> **PROBLEM REQUIREMENTS**: From the data below, return the exact lines starting at the line containing "Oyo 90865 Hotel Kusuma Purwakarta 카라왕 외부 사진" and ending at the line containing "Vans Sk8-Hi High-Top", both included, and nothing else.

Items from a data source
----------------
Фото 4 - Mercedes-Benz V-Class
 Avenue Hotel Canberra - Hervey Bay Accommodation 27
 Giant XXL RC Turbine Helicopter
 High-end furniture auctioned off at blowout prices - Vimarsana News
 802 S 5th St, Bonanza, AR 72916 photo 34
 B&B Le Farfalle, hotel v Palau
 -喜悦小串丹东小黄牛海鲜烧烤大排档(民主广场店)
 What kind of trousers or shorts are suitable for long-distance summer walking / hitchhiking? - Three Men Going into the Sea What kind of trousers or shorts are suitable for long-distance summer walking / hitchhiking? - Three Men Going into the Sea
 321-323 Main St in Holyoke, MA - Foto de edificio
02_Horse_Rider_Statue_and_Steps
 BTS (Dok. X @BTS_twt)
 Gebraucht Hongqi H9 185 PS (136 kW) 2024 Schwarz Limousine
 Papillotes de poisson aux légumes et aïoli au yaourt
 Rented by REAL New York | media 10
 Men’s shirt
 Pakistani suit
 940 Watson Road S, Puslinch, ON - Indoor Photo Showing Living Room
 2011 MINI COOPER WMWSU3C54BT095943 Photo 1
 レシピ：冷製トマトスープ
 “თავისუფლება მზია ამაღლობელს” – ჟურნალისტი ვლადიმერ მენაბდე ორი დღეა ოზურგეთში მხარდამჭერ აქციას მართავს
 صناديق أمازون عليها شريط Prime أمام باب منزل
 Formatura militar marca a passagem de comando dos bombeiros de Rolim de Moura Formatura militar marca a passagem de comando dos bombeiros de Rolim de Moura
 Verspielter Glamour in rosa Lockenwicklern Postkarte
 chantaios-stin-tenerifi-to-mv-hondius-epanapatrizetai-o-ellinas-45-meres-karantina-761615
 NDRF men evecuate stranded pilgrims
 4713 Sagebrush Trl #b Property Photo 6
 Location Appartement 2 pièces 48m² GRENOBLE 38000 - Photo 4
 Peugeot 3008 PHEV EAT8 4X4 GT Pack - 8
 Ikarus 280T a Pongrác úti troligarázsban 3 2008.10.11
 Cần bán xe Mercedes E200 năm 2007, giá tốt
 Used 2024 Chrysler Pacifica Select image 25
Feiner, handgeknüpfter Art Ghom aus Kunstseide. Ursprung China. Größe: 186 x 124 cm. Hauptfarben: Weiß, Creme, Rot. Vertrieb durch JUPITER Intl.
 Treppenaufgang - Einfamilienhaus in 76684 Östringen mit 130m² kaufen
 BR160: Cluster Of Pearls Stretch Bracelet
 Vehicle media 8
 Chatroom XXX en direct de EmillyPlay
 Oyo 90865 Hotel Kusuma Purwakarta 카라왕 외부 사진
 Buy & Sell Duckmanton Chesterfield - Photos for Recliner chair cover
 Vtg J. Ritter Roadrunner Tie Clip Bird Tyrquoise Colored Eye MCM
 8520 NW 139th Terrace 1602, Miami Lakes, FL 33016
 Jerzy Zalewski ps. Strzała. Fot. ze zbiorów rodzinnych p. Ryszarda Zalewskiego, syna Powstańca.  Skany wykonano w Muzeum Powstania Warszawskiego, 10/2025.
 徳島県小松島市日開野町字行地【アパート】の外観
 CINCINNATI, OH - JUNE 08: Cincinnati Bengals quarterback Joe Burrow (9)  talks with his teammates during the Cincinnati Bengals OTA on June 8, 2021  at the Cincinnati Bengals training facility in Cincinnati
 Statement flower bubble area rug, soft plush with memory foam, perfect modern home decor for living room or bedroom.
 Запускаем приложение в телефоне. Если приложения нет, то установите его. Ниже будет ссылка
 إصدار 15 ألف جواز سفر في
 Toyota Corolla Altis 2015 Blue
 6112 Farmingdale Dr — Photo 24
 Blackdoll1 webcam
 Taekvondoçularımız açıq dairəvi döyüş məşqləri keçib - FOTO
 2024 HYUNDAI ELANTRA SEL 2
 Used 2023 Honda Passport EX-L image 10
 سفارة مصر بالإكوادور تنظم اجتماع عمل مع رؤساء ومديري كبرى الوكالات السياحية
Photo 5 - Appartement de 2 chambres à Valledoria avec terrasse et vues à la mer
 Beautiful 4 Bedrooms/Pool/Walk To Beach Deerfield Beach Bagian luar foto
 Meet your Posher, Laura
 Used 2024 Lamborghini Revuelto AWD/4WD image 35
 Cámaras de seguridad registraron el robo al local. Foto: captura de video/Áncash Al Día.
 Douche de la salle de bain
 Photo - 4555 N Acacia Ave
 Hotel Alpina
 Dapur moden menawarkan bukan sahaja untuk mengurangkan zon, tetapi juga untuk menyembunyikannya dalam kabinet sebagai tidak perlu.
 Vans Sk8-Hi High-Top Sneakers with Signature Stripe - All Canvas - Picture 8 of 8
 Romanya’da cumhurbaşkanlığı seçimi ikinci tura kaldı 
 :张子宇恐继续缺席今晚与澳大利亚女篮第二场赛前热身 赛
----------------
> **RESULT**:
 Oyo 90865 Hotel Kusuma Purwakarta 카라왕 외부 사진
 Buy & Sell Duckmanton Chesterfield - Photos for Recliner chair cover
 Vtg J. Ritter Roadrunner Tie Clip Bird Tyrquoise Colored Eye MCM
 8520 NW 139th Terrace 1602, Miami Lakes, FL 33016
 Jerzy Zalewski ps. Strzała. Fot. ze zbiorów rodzinnych p. Ryszarda Zalewskiego, syna Powstańca.  Skany wykonano w Muzeum Powstania Warszawskiego, 10/2025.
 徳島県小松島市日開野町字行地【アパート】の外観
 CINCINNATI, OH - JUNE 08: Cincinnati Bengals quarterback Joe Burrow (9)  talks with his teammates during the Cincinnati Bengals OTA on June 8, 2021  at the Cincinnati Bengals training facility in Cincinnati
 Statement flower bubble area rug, soft plush with memory foam, perfect modern home decor for living room or bedroom.
 Запускаем приложение в телефоне. Если приложения нет, то установите его. Ниже будет ссылка
 إصدار 15 ألف جواز سفر في
 Toyota Corolla Altis 2015 Blue
 6112 Farmingdale Dr — Photo 24
 Blackdoll1 webcam
 Taekvondoçularımız açıq dairəvi döyüş məşqləri keçib - FOTO
 2024 HYUNDAI ELANTRA SEL 2
 Used 2023 Honda Passport EX-L image 10
 سفارة مصر بالإكوادور تنظم اجتماع عمل مع رؤساء ومديري كبرى الوكالات السياحية
Photo 5 - Appartement de 2 chambres à Valledoria avec terrasse et vues à la mer
 Beautiful 4 Bedrooms/Pool/Walk To Beach Deerfield Beach Bagian luar foto
 Meet your Posher, Laura
 Used 2024 Lamborghini Revuelto AWD/4WD image 35
 Cámaras de seguridad registraron el robo al local. Foto: captura de video/Áncash Al Día.
 Douche de la salle de bain
 Photo - 4555 N Acacia Ave
 Hotel Alpina
 Dapur moden menawarkan bukan sahaja untuk mengurangkan zon, tetapi juga untuk menyembunyikannya dalam kabinet sebagai tidak perlu.
 Vans Sk8-Hi High-Top Sneakers with Signature Stripe - All Canvas - Picture 8 of 8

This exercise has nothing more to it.